For the reasons stated above, we: (1) Affirm the district court’s holding that the five 1997 contracts are subject to arbitration; (2) Reverse the district court’s holding that the 1998 contract is subject to arbitration; and (3) Vacate the district court’s order subjecting the 1998 contract to arbitration. The case is Remanded for further proceedings consistent with this opinion.
The Honorable Richard D. Cudahy of the United States Court of Appeals for the Seventh Circuit, sitting by designation.
The 1997 reinsurance contracts are numbered AH0075997, AH0083197, AH0040897, AH0040997, AH0071397. The 1998 reinsurance contract is numbered AH0116198.

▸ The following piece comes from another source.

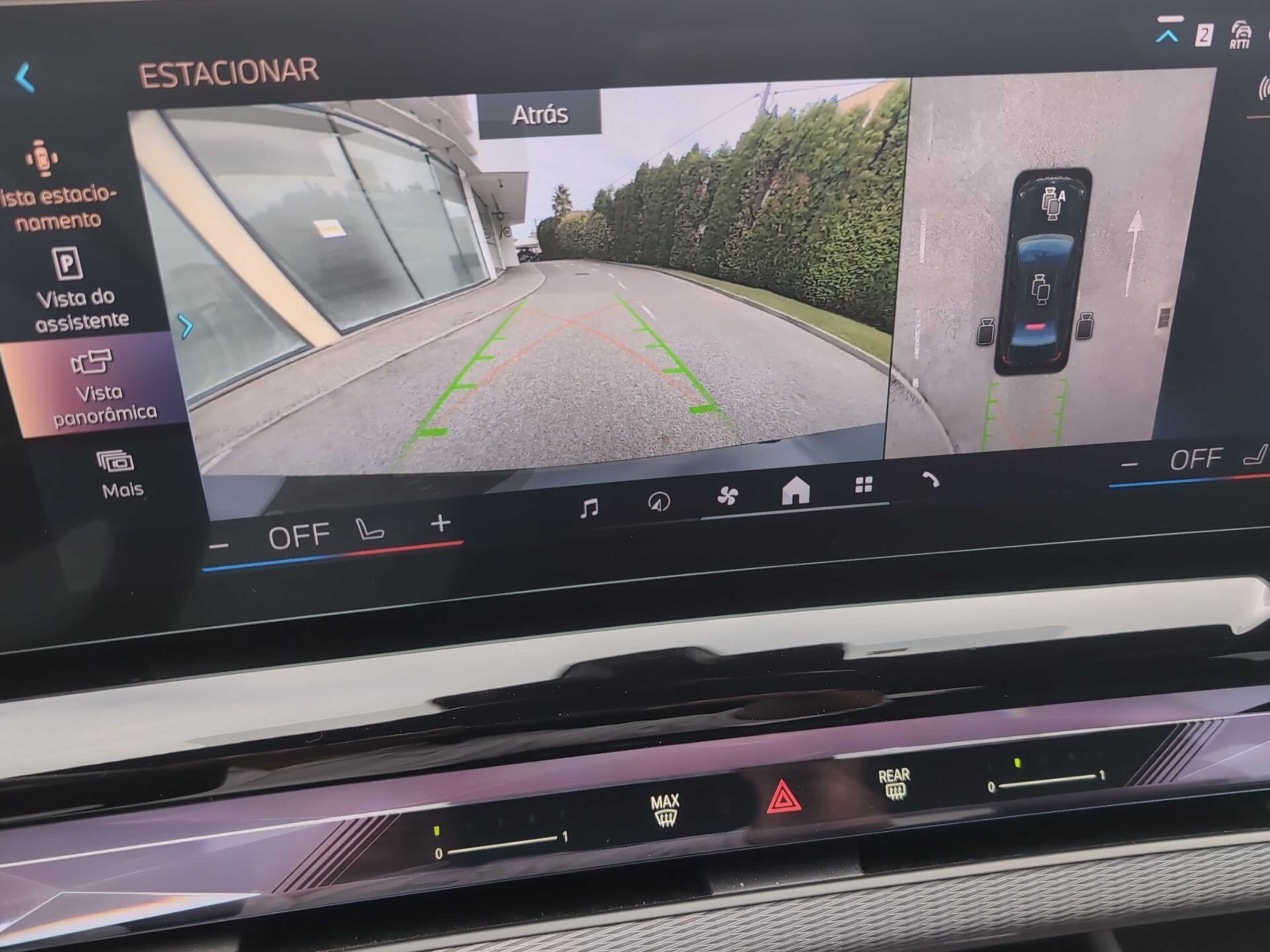 BMW i5 eDrive40 color Gris. Año 2025. 250KW(340CV). Elétrico. En concesionario Caetano Baviera Aveiro de Aveiro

While this case technically arises under the CREFAA, we may look to precedent discussing 9 U.S.C.A. ? 4’s requirement that the court be “satisfied the making of the agreement for arbitration… is not in issue” in interpreting the CREFAA’s similar requirement that a court may compel arbitration “unless it finds that the said agreement is null and void, inoperative or incapable of being performed.” See 9 U.S.C.A. ? 208 (“Chapter 1 applies to actions and proceedings brought under this chapter to the extent that chapter is not in conflict with this chapter or the Convention as ratified by the United States.”); Sandvik AB, 220 F.3d at 104-05 (3d Cir. 2000) (relying on ? 4 to interpret the CREFAA).
Four of the contracts contain the following choice-of-law clause: “This Reinsurance shall be governed by and construed in accordance with the laws of New York State, U.S.A., under the jurisdiction of the courts of New York State, U.S.A.” The choice-of-law clauses in the remaining two contracts call for application of New Jersey law, but are otherwise identically worded. Accordingly, we consider New York and New Jersey law, as appropriate, for questions relating to contract formation. See Volt Info. Scis., Inc. v. Bd. of Trs. of LeLand Stanford Jr. Univ., 489 U.S. 468, 477-79 (1989) (holding that Federal Arbitration Act does not preempt choice-of-law clause). Because the laws of New York and New Jersey are identical on the points relevant to the outcome, here, we cite only to New York law for convenience.
In determining that a trial is required with regard to the arbitrability of the disputes arising out of the 1998 contract, we of course do not pass judgment on the validity of the arbitration clause; we merely find that Sphere Drake has presented sufficient evidence to warrant a trial. At trial, Clarendon may raise all the defenses that it has raised before us-such as whether Sphere Drake assented to the contract by waiting a year to repudiate it.